On June 28, 2016, Symantec Corporation acknowledged of two existing vulnerabilities referring their Antivirus Decomposer engine. The engine is used in their Endpoint protection and other Norton security products.
The security researcher Tavis Ormandy working for Google is the discoverer of the issues. He has reported them to the company. Both vulnerabilities concern malicious RAR files that once exploited may cause an application-level denial of service condition.
Malicious writers often utilize the technique of compressing the size of their malicious code via so-called “packers”. The technique itself is not malicious. However, when such file gets into the device, the antivirus product should unpack it and determine whether it contains malicious code or not. These files can be RAR, ZIP or other archived content. The act of the attacker to supply a chunk of code in the headers of the packed codes can trigger a flaw in the Antivirus Decomposer engine.
CVE-2016-5310 and CVE-2016-5309
Symantec defines the severity of the both issues as medium. Symantec titled the CVE-2016-5310 – “RAR decompression memory corruption” and the other name of CVE-2016-5309 is “RAR decompression OOB read”. Both can lead to denial of service impact.
“Parsing of maliciously formatted RAR container files may cause memory corruption. This may cause an application-level denial of service condition but does not allow any additional exploit opportunities.”
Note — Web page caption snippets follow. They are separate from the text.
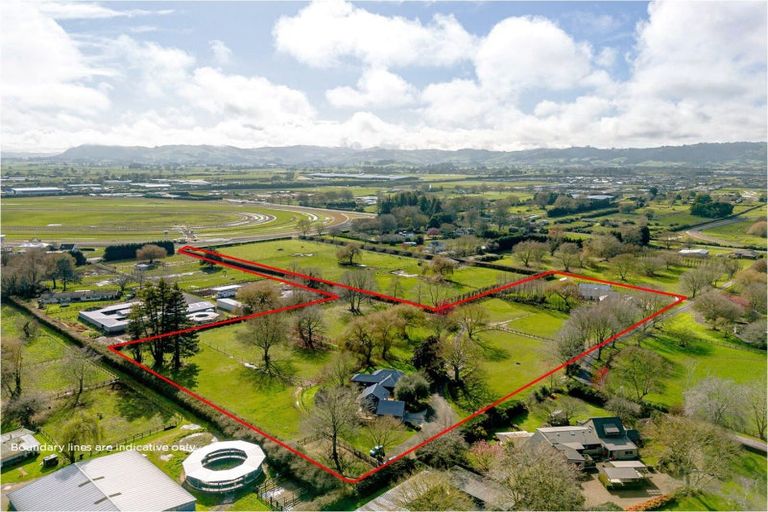 Photo of property in 31 Racecourse Road, Cambridge, 3493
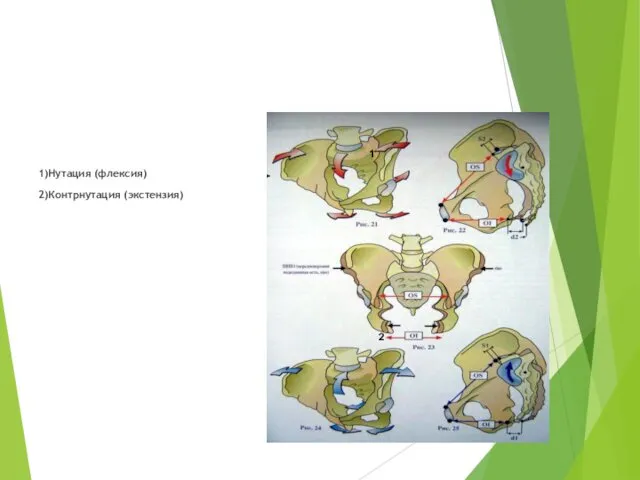 1)Нутация (флексия) 2)Контрнутация (экстензия) 1 2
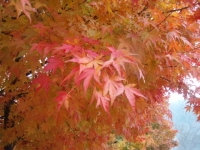 紅葉 4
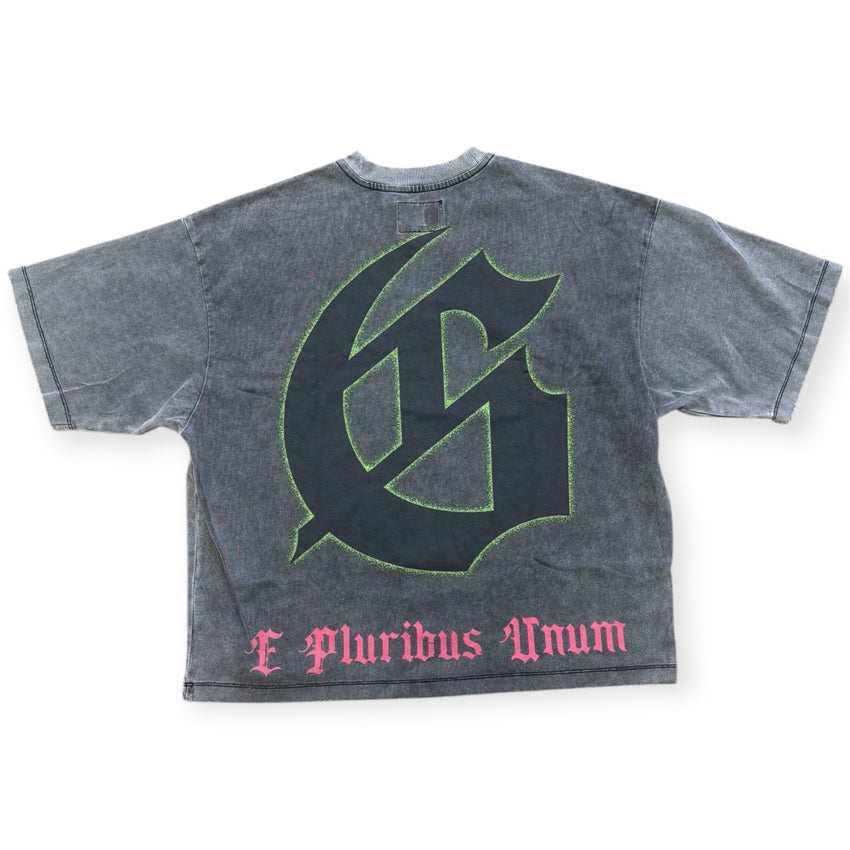 Vandal (Grey Wash)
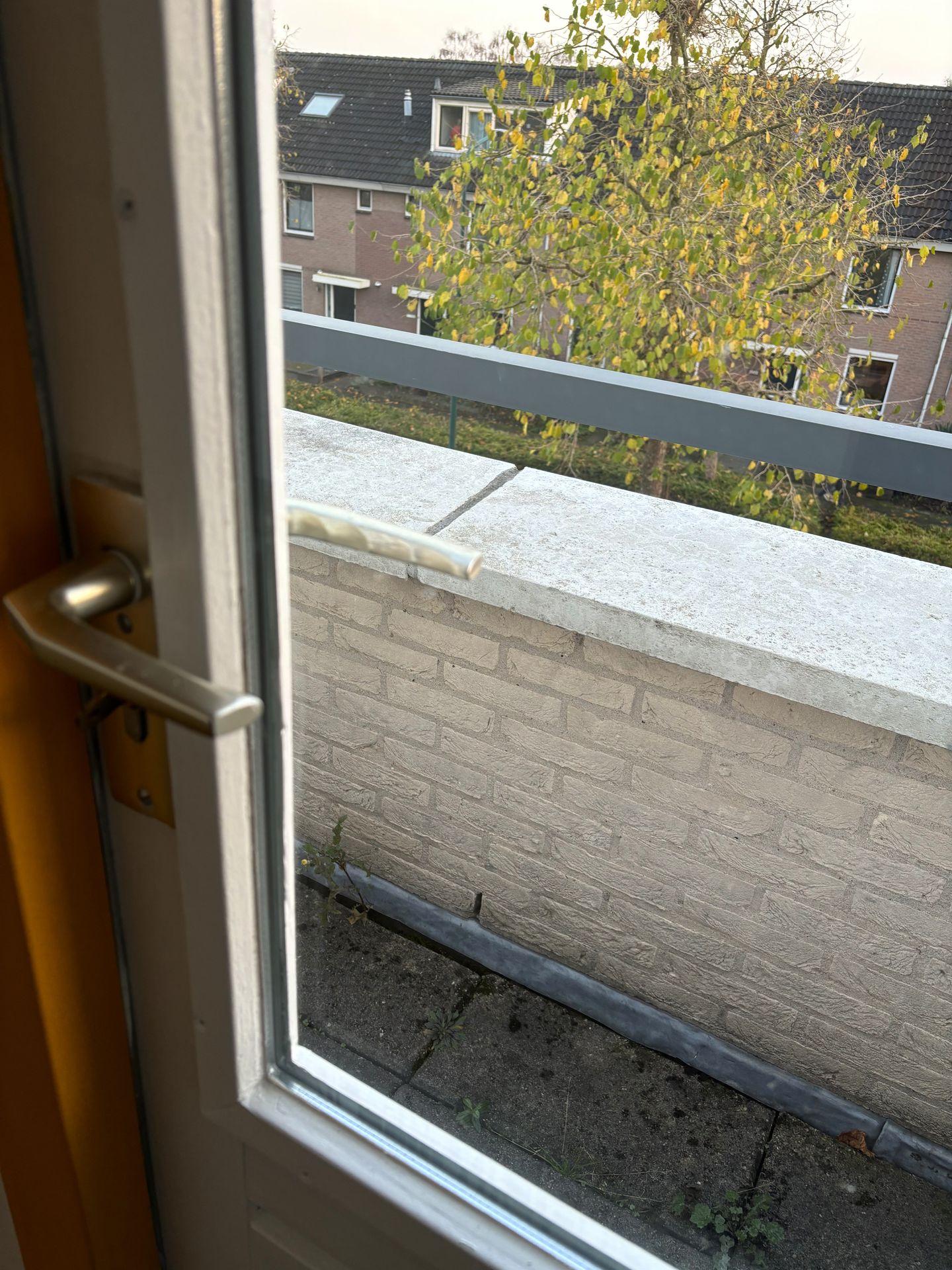 Foto 19 van Buitenweg 291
Source: Symantec Security Advisory
The attack could be easily triggered through an email attachment that contains the malicious RAR file. Another way is to send the victim a link to web page that tries to convince the user to download the RAR file.
Many of Symantec’s products are affected by CVE-2016-5310 and CVE-2016-5309. The list includes:
- Symantec Endpoint Protection (for Mac, Linux, and Windows)
- Symantec Endpoint Protection Cloud (SEPC) (for Mac and Windows)
- Symantec Protection Engine
- Symantec Mail Security for Microsoft Exchange (SMSMSE)
- Symantec Web Gateway
- And other enterprise and server solutions.
Patches are available for all affected products. Their Security Advisories Relating to Symantec Products – Symantec Decomposer Engine Security Update will help all users that use any of the affected products to patch them. We recommend you to follow the steps immediately and prevent any risks.